Authored by nikic on Jan 23 2021, 5:52 AM.

Details

Summary

When LSR converts a branch on pre-inc IV into a branch on post-inc IV, the nowrap flags on the addition may no longer be valid. Previously, a poison result of the addition might have been ignored, in which case the program was well defined. After branching on the post-inc IV, we might be branching on poison, which is undefined behavior.

Fix this by discarding nowrap flags which are not present on the SCEV expression. Nowrap flags on the SCEV expression are proven by SCEV to always hold, independently of how the expression will be used. This is essentially the same fix we applied to IndVars LFTR, which also performs this kind of pre-inc to post-inc conversion.

I believe a similar problem can also exist for getelementptr inbounds, but I was not able to come up with a problematic test case. The inbounds case would have to be addressed in a differently anyway (as SCEV does not track this property).

Fixes https://bugs.llvm.org/show_bug.cgi?id=46943.

Diff Detail

Event Timeline

nikic created this revision.Jan 23 2021, 5:52 AM
nikic requested review of this revision.Jan 23 2021, 5:52 AM
Herald added a project: Restricted Project. · View Herald TranscriptJan 23 2021, 5:52 AM

Adding @dmgreen for the changes to the Thumb2 tests.

Hmm. These are the only tests that changed?

They are no longer producing hardware loops for what look like unrolled loops.
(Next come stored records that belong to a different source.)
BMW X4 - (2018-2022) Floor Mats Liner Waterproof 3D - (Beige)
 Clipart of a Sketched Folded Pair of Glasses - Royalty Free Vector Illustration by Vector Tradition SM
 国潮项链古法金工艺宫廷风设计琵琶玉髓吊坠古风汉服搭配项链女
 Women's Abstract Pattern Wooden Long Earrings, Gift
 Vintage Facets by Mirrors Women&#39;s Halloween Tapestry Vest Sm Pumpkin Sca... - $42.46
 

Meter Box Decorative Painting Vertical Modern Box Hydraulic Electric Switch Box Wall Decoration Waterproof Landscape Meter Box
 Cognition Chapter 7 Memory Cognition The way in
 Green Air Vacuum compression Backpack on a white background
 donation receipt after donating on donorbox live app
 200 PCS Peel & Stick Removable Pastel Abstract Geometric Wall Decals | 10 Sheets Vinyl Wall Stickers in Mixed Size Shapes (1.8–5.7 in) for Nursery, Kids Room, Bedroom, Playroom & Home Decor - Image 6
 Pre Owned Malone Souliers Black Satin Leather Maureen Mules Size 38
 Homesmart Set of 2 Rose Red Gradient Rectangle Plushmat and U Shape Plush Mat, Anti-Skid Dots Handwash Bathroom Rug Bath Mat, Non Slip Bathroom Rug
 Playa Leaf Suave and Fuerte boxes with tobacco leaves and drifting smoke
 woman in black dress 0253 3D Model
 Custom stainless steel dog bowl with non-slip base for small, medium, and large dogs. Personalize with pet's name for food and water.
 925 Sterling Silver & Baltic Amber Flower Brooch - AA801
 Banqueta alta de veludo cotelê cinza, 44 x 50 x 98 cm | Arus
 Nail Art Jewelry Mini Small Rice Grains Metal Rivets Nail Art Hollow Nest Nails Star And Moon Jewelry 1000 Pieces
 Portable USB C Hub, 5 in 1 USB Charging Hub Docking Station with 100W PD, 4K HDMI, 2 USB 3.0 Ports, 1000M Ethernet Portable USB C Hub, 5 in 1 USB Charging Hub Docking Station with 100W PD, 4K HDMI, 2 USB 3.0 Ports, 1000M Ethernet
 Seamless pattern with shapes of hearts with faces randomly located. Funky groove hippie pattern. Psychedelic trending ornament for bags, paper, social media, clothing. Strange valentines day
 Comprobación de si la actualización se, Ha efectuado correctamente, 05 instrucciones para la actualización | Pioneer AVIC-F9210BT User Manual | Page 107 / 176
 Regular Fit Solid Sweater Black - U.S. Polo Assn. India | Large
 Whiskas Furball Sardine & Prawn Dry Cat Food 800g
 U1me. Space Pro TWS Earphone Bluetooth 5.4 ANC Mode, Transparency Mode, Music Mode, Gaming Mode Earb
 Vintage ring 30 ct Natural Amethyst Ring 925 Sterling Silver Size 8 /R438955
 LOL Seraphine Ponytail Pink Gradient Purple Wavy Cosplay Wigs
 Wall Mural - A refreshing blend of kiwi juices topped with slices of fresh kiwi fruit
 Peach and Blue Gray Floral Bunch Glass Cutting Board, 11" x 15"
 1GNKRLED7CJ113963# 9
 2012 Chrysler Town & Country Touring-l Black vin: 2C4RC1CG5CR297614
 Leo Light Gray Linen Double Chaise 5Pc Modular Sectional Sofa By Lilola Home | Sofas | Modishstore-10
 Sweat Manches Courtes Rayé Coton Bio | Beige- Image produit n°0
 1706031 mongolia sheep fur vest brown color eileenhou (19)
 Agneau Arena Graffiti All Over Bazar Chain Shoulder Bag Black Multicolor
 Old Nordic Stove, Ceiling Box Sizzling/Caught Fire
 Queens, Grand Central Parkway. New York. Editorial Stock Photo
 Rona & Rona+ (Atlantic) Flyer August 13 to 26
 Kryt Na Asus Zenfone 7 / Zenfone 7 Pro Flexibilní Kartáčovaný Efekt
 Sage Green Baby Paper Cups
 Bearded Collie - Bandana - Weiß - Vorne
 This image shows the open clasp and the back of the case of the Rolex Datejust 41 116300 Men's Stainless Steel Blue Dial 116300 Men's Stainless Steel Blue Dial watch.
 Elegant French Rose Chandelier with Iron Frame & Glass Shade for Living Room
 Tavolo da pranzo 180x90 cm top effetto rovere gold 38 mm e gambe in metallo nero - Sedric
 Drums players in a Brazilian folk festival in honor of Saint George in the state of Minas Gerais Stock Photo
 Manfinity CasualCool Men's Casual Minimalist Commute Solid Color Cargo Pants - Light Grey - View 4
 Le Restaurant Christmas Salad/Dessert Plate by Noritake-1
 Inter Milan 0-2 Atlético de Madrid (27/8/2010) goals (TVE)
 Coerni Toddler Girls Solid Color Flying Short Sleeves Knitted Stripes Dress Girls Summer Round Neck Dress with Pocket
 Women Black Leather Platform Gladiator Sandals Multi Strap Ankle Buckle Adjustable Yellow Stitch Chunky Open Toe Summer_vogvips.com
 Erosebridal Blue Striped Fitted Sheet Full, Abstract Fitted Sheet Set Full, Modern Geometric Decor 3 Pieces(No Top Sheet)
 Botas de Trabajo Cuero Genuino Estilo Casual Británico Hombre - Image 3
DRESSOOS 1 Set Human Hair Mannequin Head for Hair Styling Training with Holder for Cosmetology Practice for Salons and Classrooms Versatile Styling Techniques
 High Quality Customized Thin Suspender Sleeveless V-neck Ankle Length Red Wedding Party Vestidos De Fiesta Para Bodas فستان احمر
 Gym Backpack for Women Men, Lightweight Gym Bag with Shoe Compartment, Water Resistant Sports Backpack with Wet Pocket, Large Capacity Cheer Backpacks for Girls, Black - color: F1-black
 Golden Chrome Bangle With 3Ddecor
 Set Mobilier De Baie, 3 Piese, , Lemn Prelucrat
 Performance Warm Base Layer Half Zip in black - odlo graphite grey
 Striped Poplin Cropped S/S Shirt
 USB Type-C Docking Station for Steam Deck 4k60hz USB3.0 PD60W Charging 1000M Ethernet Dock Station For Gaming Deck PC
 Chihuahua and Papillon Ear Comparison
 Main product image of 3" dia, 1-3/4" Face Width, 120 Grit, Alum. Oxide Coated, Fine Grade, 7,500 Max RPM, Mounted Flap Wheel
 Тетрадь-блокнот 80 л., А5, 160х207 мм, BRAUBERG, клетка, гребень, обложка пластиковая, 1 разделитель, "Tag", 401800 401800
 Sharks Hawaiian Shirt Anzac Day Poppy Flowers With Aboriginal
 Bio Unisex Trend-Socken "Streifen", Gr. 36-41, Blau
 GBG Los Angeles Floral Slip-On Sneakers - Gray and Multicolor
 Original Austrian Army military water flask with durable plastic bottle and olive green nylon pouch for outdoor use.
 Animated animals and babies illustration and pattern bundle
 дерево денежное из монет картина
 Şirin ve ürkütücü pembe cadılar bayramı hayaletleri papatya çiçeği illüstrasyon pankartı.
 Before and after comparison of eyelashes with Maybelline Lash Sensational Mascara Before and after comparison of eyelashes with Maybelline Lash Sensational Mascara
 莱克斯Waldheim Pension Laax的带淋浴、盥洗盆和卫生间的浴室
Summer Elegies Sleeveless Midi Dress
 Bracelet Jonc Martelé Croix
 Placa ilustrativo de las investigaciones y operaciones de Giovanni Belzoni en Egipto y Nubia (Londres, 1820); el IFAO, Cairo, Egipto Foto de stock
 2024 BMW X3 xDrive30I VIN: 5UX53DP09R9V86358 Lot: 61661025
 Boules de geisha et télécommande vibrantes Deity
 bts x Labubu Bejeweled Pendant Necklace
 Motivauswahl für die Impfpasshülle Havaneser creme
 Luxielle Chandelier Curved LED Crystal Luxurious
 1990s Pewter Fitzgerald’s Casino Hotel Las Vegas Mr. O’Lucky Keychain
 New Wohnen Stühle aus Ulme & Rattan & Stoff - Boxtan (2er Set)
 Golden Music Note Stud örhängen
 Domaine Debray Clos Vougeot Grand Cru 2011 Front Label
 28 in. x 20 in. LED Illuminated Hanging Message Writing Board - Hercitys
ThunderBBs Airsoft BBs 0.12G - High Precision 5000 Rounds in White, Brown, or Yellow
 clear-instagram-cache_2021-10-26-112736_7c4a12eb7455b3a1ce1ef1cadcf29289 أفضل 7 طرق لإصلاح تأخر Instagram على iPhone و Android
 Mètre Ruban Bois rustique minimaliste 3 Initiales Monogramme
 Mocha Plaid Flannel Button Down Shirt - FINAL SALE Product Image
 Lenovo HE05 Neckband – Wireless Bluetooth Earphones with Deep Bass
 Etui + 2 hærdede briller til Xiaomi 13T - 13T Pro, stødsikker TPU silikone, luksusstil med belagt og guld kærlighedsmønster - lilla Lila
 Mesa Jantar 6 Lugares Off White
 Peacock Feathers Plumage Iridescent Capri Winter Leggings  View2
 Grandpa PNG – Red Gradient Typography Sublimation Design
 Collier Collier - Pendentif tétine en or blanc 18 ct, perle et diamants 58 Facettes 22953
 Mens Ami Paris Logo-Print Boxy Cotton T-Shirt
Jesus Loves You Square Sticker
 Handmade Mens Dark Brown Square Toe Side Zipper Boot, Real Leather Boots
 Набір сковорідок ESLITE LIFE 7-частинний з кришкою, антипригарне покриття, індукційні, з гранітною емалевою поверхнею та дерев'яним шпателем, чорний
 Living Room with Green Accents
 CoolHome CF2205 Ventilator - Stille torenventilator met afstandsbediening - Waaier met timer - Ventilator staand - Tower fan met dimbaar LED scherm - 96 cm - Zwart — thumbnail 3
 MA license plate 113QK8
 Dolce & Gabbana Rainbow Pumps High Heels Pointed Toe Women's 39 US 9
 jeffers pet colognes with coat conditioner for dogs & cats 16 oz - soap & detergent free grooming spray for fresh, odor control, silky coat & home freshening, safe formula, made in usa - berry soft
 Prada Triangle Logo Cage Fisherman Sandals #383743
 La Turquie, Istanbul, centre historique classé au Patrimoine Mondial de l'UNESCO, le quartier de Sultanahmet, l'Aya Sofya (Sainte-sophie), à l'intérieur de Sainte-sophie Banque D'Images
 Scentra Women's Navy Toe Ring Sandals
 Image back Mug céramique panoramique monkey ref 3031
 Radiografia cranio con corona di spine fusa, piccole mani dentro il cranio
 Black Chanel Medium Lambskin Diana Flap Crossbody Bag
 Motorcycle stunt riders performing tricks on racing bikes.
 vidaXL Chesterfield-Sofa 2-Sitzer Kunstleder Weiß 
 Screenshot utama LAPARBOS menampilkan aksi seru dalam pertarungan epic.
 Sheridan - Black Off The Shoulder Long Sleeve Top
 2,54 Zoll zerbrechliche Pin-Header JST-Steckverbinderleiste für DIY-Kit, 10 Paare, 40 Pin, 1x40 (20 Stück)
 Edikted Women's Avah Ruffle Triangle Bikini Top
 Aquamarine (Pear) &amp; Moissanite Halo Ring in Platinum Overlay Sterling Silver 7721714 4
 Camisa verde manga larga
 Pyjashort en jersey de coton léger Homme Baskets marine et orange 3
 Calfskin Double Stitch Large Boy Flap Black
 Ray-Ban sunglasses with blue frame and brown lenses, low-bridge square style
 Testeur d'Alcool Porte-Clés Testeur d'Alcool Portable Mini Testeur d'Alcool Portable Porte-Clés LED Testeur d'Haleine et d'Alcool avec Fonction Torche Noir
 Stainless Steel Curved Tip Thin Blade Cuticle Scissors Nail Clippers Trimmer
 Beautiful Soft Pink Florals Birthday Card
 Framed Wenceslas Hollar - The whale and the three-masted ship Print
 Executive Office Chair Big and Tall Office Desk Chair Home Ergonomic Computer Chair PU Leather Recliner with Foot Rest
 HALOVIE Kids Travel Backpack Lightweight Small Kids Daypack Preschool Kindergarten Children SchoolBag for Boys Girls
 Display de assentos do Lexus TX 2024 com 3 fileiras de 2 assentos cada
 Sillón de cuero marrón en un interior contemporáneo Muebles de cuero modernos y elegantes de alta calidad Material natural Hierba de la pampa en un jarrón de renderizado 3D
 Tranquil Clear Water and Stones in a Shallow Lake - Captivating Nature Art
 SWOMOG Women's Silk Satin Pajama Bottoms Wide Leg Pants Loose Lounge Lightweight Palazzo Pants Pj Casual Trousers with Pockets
Those are very old tests though and I don't believe we generate code quite like that any more.

@dmgreen Yeah, those are the only test changes. I believe the problem for those loops is that they have two induction variables, one that counts up and one that counts down. The branch is on the one that counts down (so this is the IV on which flags can be safely preserved), while there's a nuw flag on the one that counts up.

dmgreen accepted this revision.Jan 24 2021, 10:10 AM

Yeah OK. I ran some tests and did some experiments - none of which showed any similar problems. The correctness fix sounds valid to me so I'm inclined to say that the Thumb2 tests are OK (as in not worth worrying about too much) and if we run into similar problems later on we can try and do something about them then.

LGTM

This revision is now accepted and ready to land.Jan 24 2021, 10:10 AM
fhahn added inline comments.Jan 24 2021, 12:56 PM
lib/Transforms/Utils/ScalarEvolutionExpander.cpp
1446 ↗(On Diff #318751)

OverflowingBinaryOperator?

test/Transforms/LoopStrengthReduce/X86/pr46943.ll
48 ↗(On Diff #318751)

Is this transform actually still helpful, if we have to drop flags to do it?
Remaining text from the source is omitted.